While we surely cannot cut any of the incoming dependencies (the depending packages will need access to our functionality), we can certainly introduce a few more interfaces, can we not? Start your most favorite IDE’s refactoring tools, for each class depended on, extract an interface, and let the client code be adapted to refer to those interfaces where possible. Job done, code base improved, correct? Unfortunately, not a bit.
The mistake that Martin makes is equating abstractness with abstraction and that problem is hidden in plain sight. The relevant section is titled “Measuring Abstraction” and it immediately starts with “The A metric is a measurement of the abstractness of a package.” (page 265) So, what is the difference? Just because we extract an interface from a class — and by that, raise the abstractness of the package — the interface is not semantically more abstract than the implementation was before. And it is just as susceptible to consequences of changes to it.
Let us move on to the anticipated effect of the allegedly higher abstraction. Martin writes: “Consider a package in the area of (0, 0). … Such a package is not desirable because it is rigid. It cannot be extended because it is not abstract.” The goal he sets out for stable code is extensibility. But why? What kind of extension to a codebase becomes easier if you deal with an abstract type versus a concrete one? Correct! It is easier to provide a new implementation for a particular, logical interface if it is technically an interface, too. Now, here is the crucial question: are the changes that we need to make to a code base in arbitrary business applications really primarily adding new implementations of already existing interfaces?

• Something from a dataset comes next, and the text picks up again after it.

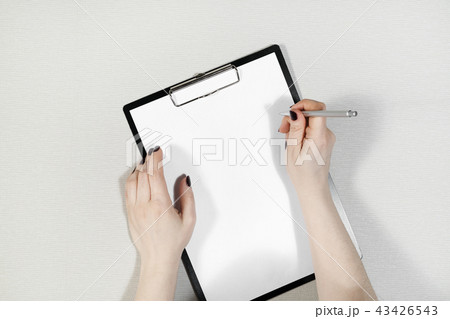 Paper in female hands 43426543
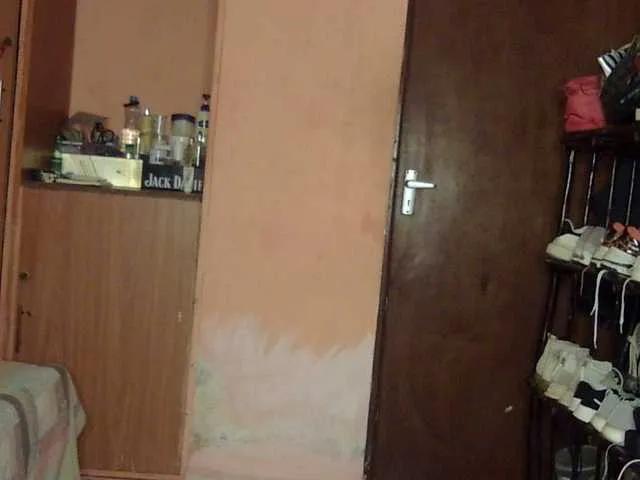 Freechat Gladwell on BongaCams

What might work in a theoretical example of, let us say, the collection library.
It is of course easier to add a new implementation of List
if client code depends on that interface and not an already existing implementation like ArrayList
.
We still might have to deal with cases in which that code still has to refer to the concrete type to create instances of it.
Modern Java versions allow to define static factory methods on interfaces to mitigate that problem.
That said, at least in my experience change patterns in business applications usually either require the introduction of completely new abstractions or the modification of existing types to introduce new methods etc.
For those kinds of changes, it is mostly irrelevant if you need to introduce them on an interface or an implementation.
Some might even consider the extra interface primarily causing additional work.
So while an interface on a different level of abstraction might indeed allow to shield client code from implementation details it does not have to know about, simply calculating abstract versus concrete types of a particular programming language is misleading at best and harmful at worst. Developers feel incentivized to either remove or add interfaces for no other reason than meeting metric numbers without positively affecting a code base’s design. To the contrary, introducing new interfaces for the sake of meeting some metric results in more code that we will have to adapt to implement new features.
The Abstractness-Instability-Relationship defines a code quality metric that does not support change patterns of modern applications. By both missing the actual quality goal and misinterpreting abstractness as level of abstraction, it does not form a good metric to judge the quality of a package design.